5 Indian Designers Willing To Dress Up Your Kids
Designer: Payal Singhal
Age group: 6 – 14 years old
Style quotient: The designer translates her signature aesthetic to create feminine clothes for little girls and comfortable clothes for boys that always include Indian details. Her line is colourful, full of her eclectic prints and is tailored for those looking for contemporary Indian and occasion wear for their children. For mums who want their daughters to look their mini-mes (!) she recently launched her Mommy & Me line of similar outfits for the mother and child.
Where to get it: At Payal Singhal’s Mumbai store and at Pernia’s Pop-up Shop online.

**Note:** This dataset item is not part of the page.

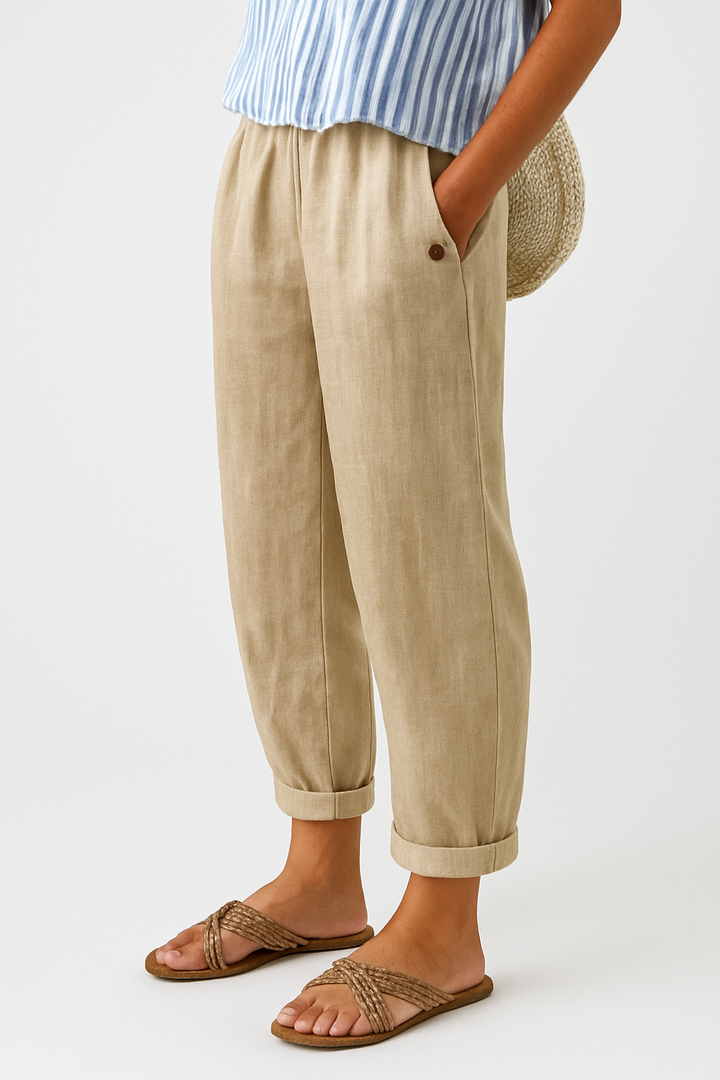 Wanda™ | Stijlvolle Broek Met Zakken Aan De Zijkant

Why kidswear: “It was a natural progression. A lot of our customers were requesting us for outfits to match their kids. And it also holds personal importance, since I have just become a new mom, so it was a culmination of the two. The market was ready and I wanted to extend our line.”
Designing for children: “We go through each garment to make sure that it’s not itchy for kids because they are not going to tolerate anything that is pokey. We also make sure that the openings of the garment are something that they can slip into. Being a mom, I knew about the pitfalls to look out for. Also, we had to keep a certain price point in mind, because while it’s luxury Indian wear, people will still not want to throw away money on clothes that their kids will outgrow in a year. To keep the prices in check, you have to be creative with the looks and make them attractive and cute without adding embroidery or using rich Indian textiles. So we keep it with trendy with colour-blocking and cotton fabrics, and just really innovate in that department.”
Trendy childrenswear in India: “I think since the luxury market came to India, kidswear was going to be the next step. First, it was introduced to the adults and then following the trends internationally, bigger brands like Gucci, Dior, and Burberry made childrenswear. Then high street brands started coming in. So there was more awareness. At the same time, there was also a massive gap in India, because if someone from an upper middle class or affluent family was looking for Indian clothes for kids, there was nothing for them. Today the demand is there, there is more disposable income and a vacuum is there for a certain genre — ready-to-wear contemporary Indian wear for kids.”